U administrators lobbied the city council to pass the measure because spokespeople said researchers felt threatened by the rowdy protests.

Under the new ordinance, the Salt Lake Anti-Hunger group, which advocates for issues that affect low-income residents, would be banned from an annual demonstration at the Governor’s Mansion during the holiday season that involves singing satirical Christmas carols.

Bill Tibbitts, director of the committee, said he was upset at the lack of opportunity for public comment and wants the city to “slow down and look at the issue more closely.”

The group has retained Salt Lake attorney Brian Barnard, who successfully represented them last year in a dispute with the state over leafleting at the Capitol Building.

“The ordinance was poorly thought out and was a knee-jerk reaction (to the Utah Primate Freedom protests),” Barnard said.

Barnard sees the council’s decision as a response to pressure from the U.

“The U says, ‘jump,’ and the council asks, ‘How high?'”

City Councilwoman Nancy Saxton said the pressure on the council to act quickly on the issue probably had more to do with the particular districts in which the protests occurred than with pressure from the U.

“Sometimes it’s about who you know,” said Saxton, indicating that complaints from eastside neighborhoods were fielded by the council.

Saxton, who voted against the ordinance, voiced concern about the new limits imposed by the ordinance.

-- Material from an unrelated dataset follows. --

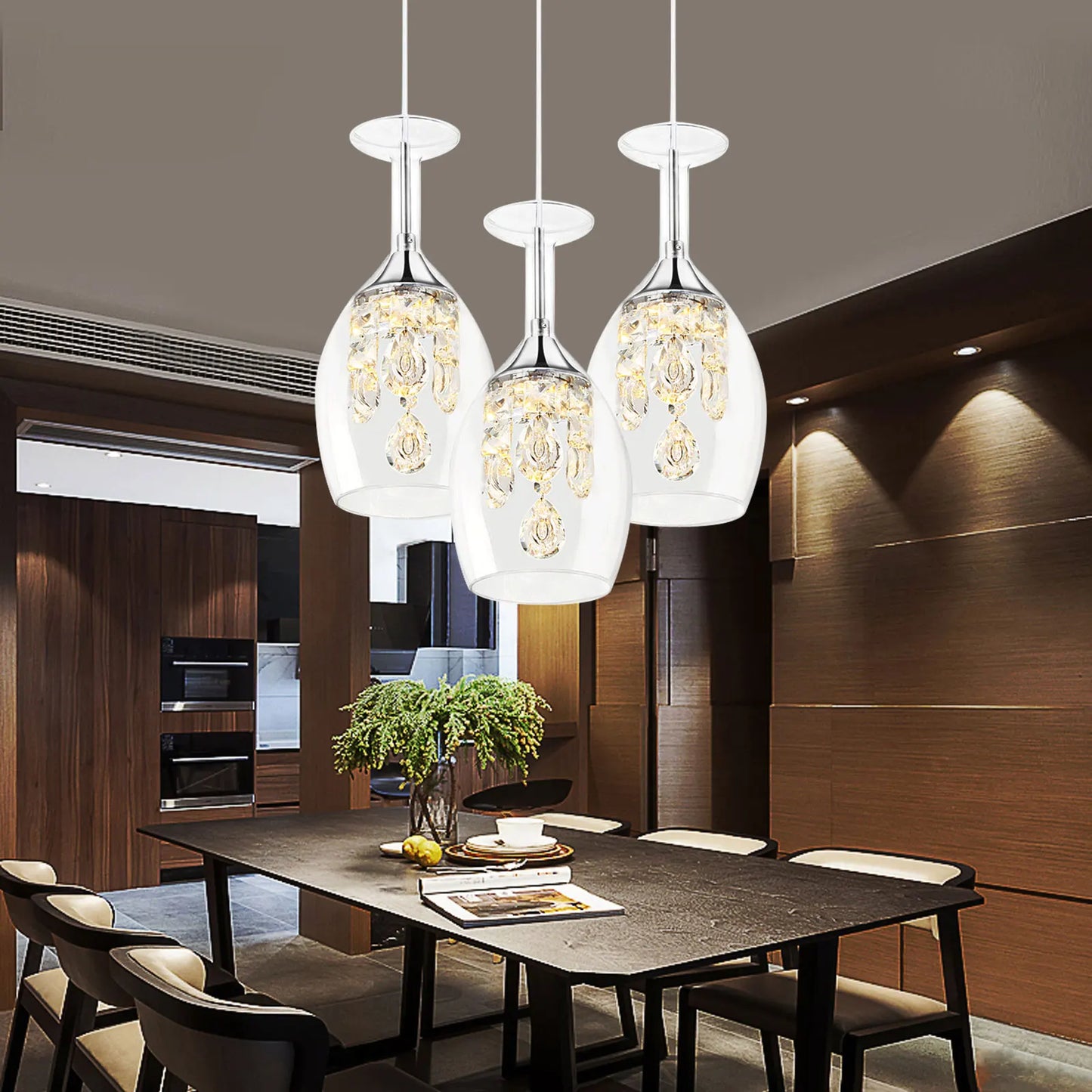 Modern Led Crystal Wine Glasses Chandelier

She represents District Four, an area in which no protests occurred.

“I’m personally uncomfortable with it. I’ve protested?and feel strongly that it is a protected right,” she said.

Councilman K. Eric Jergensen represents District Three, where protests by Utah Primate Freedom took place.

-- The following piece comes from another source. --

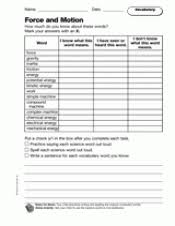Found worksheet you are looking for? Force And Motion Vocabulary Printable 4th Grade Teachervision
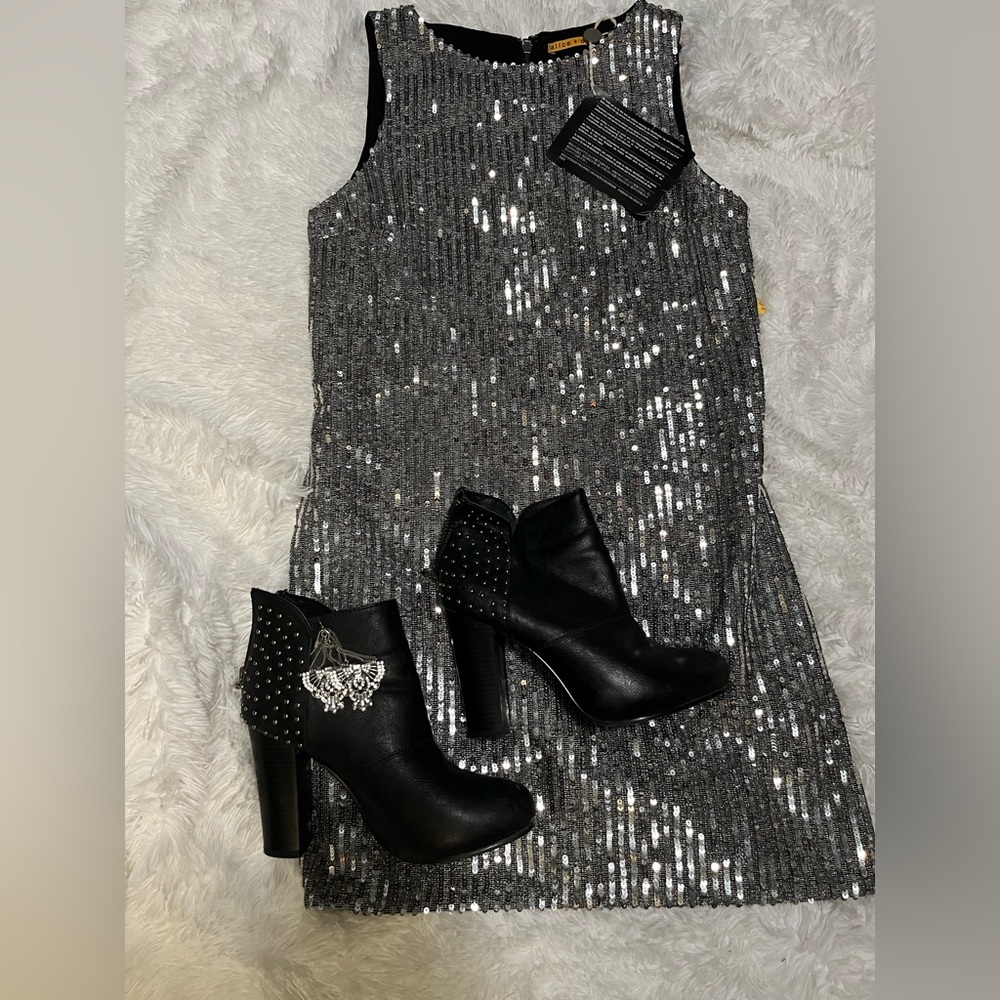 Alice + Olivia dot sequin shift dress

Jergensen voted for the ordinance and believes it was an appropriate response to “preserve peace in private residences.”

When asked to comment on the speedy legal response by the anti-hunger group, Jergensen said the ordinance was “constitutionally defensible.” He also dismissed the idea that the city council’s action was a result of pressure from the U.

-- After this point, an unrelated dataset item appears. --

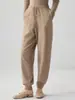 Pantalones casuales de cachemir 100% puro para otoño e invierno para mujer, pantalones largos de punto holgados de cintura alta con efecto adelgazante, versátiles y de largo hasta el suelo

Activists from the Utah Primate Freedom Project have demonstrated outside the homes of U researchers more than a dozen times in the last year.

U student Jeremy Beckham, leader of the Utah Primate Freedom Project, said he is unconcerned with the new ordinance and will obey it while it is being appealed. He said his group is finding new ways to advocate for their issues.

A press release from the group promises that “activities will resume and increase during the Fall Semester at the University of Utah.”